I've read most of them, and honestly, none of it gets easier to sit with. If you haven't watched "To Kill a Tiger" on Netflix, please do. It follows a father in India fighting for justice after his 13-year-old daughter was gang raped. It was extremely heartbreaking.
The crisis is global. In South Africa, a rape is reported every 12 minutes, yet over 90% of cases fail to reach a conviction. In Brazil, the frequency is even more staggering, with a report filed every 8 minutes, this is a figure that represents only a fraction of the reality due to deep-seated underreporting.
Meanwhile, in the Democratic Republic of Congo, sexual violence remains a systematic weapon of war, with a 25% surge in conflict-related assaults recorded recently. Across these different contexts, the pattern remains identical: laws exist on paper, but for the majority of survivors, justice never follows.
What keeps failing these women is not the written law but it is everything that happens after the crime.
Families report being turned away from police stations, or scolded for not keeping their daughters at home. Police conduct shoddy investigations, fail to collect forensic evidence in time, and survivors routinely face hostile or dismissive attitudes, their character and behavior questioned rather than the crime investigated.
According to a major UN study, India has an average of just 14 judges per million people, among the lowest recorded globally, leaving millions of cases backlogged.
This isn't a problem of legislation. Decades of advocacy have moved the needle on what's written. The gap now is institutional. Courts that are slow or inaccessible, police who dismiss complaints, and a culture that still quietly protects perpetrators over survivors.
When enforcement is weak, legal rights become symbolic. Women learn not to bother. Perpetrators learn there are no consequences. The cycle holds.
Bridging this gap requires governments to treat enforcement as seriously as legislation. That means funding legal aid systems, training law enforcement, creating accountability mechanisms, and tracking outcomes, not just laws passed.
A law that no one enforces protects no one. The next frontier in women's rights isn't writing better rules BUT it's making the existing ones real!

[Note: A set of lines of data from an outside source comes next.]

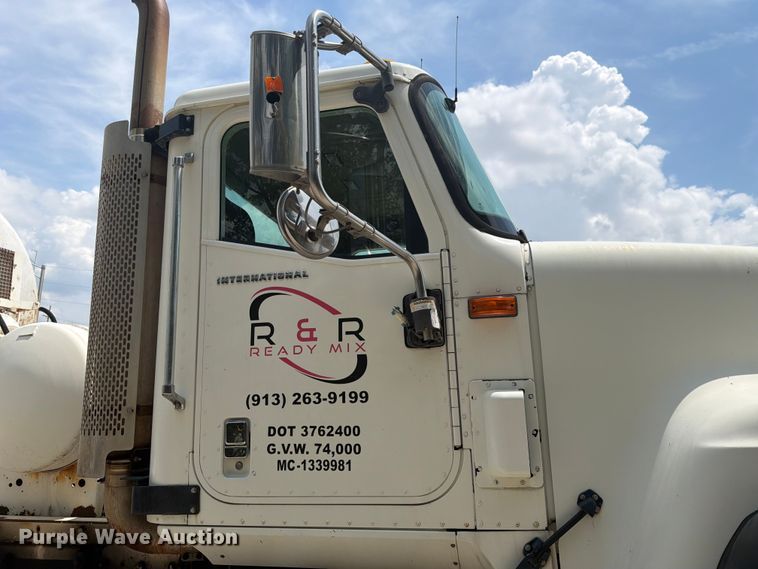 image for item DQ7829 2007 International 5500i ready mix truck
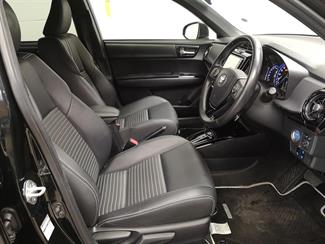 2017 Toyota Corolla - Thumbnail
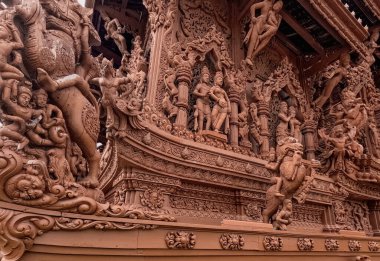 Doğruluk Tapınağı 'nın detaylı ahşap cephesini kapatın.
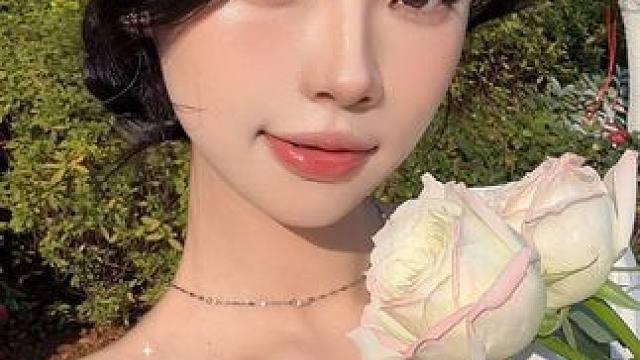 原生好气色是出片秘诀 #春日原生气血妆#hourglass小滴管液体腮红 #hourglass小金管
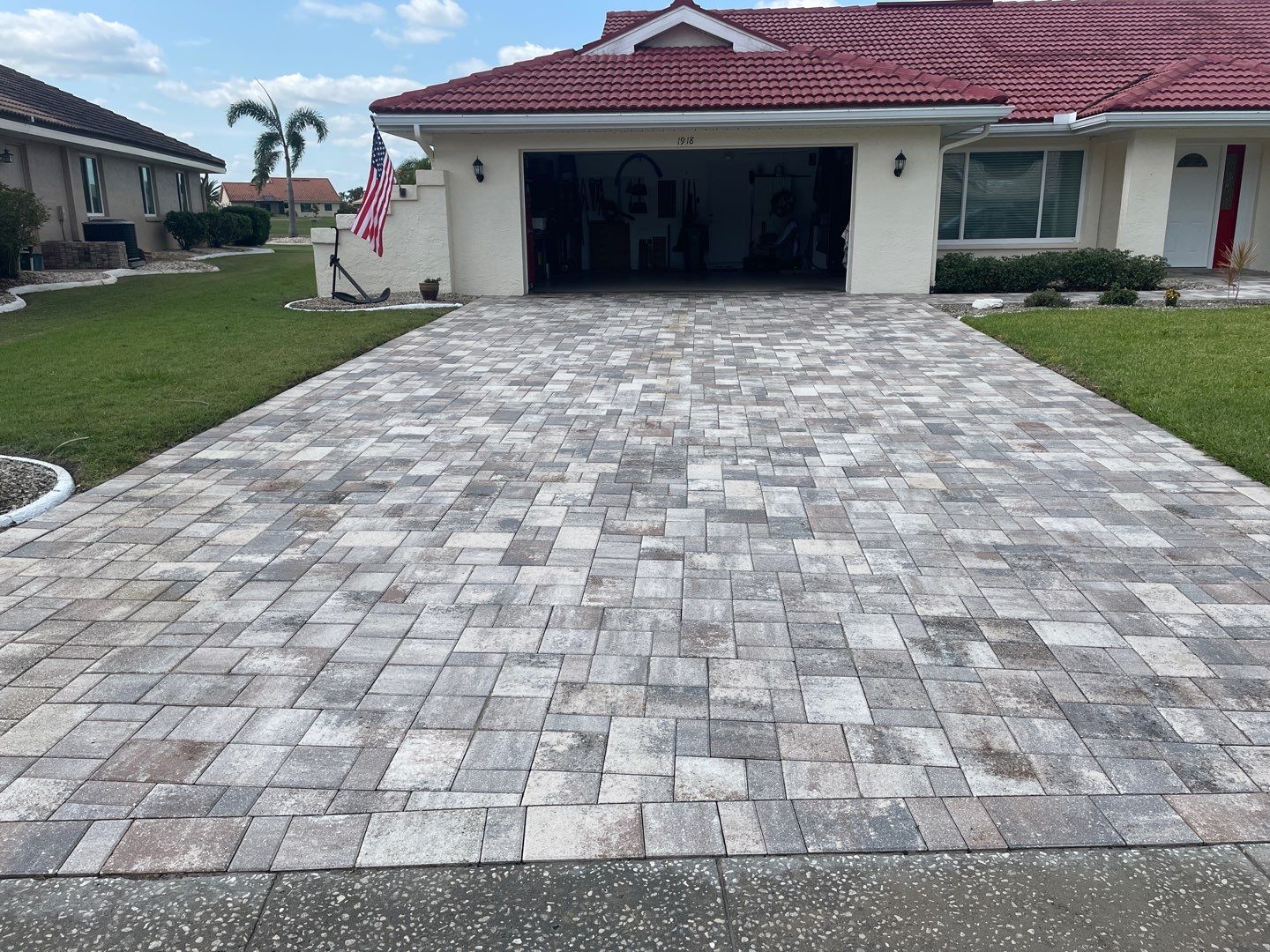 Paver Cleaning and Sealing in Sun City Center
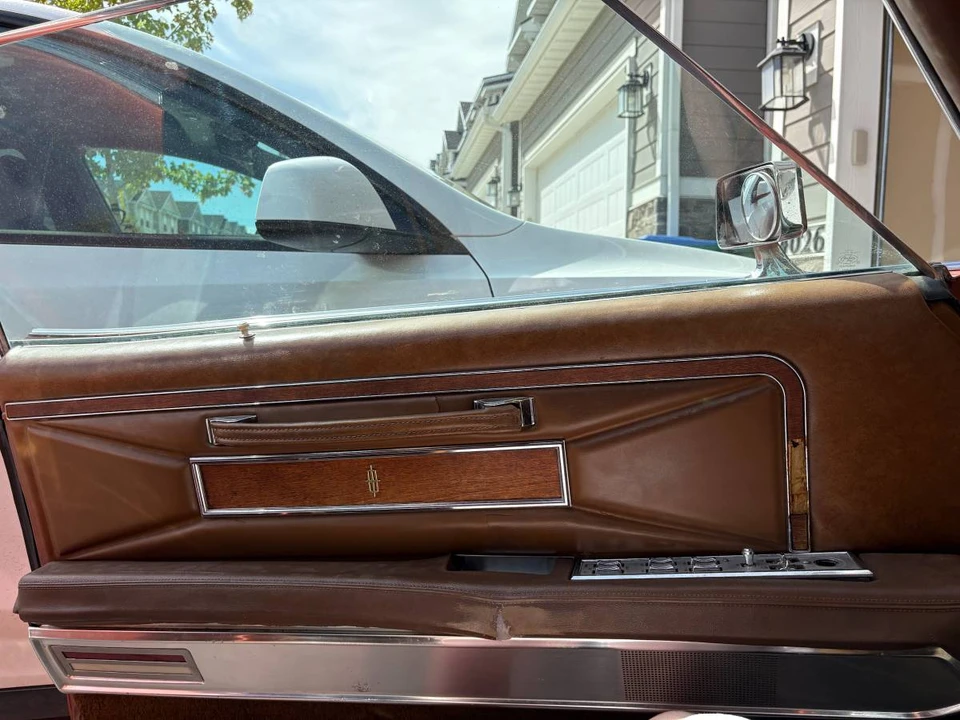 1970 Lincoln Continental Mark III - Image 22 of 24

Where is the mercy? Rape is among the most vicious crimes committed against women, and when it turns into murder, it becomes something beyond words. We need real consequences. Not just laws on paper, not just outrage that fades in a week but actual accountability that makes perpetrators think twice. Until that happens, we are all just reading the next headline, feeling the same helpless grief, and waiting for the world to decide that women's lives are worth protecting.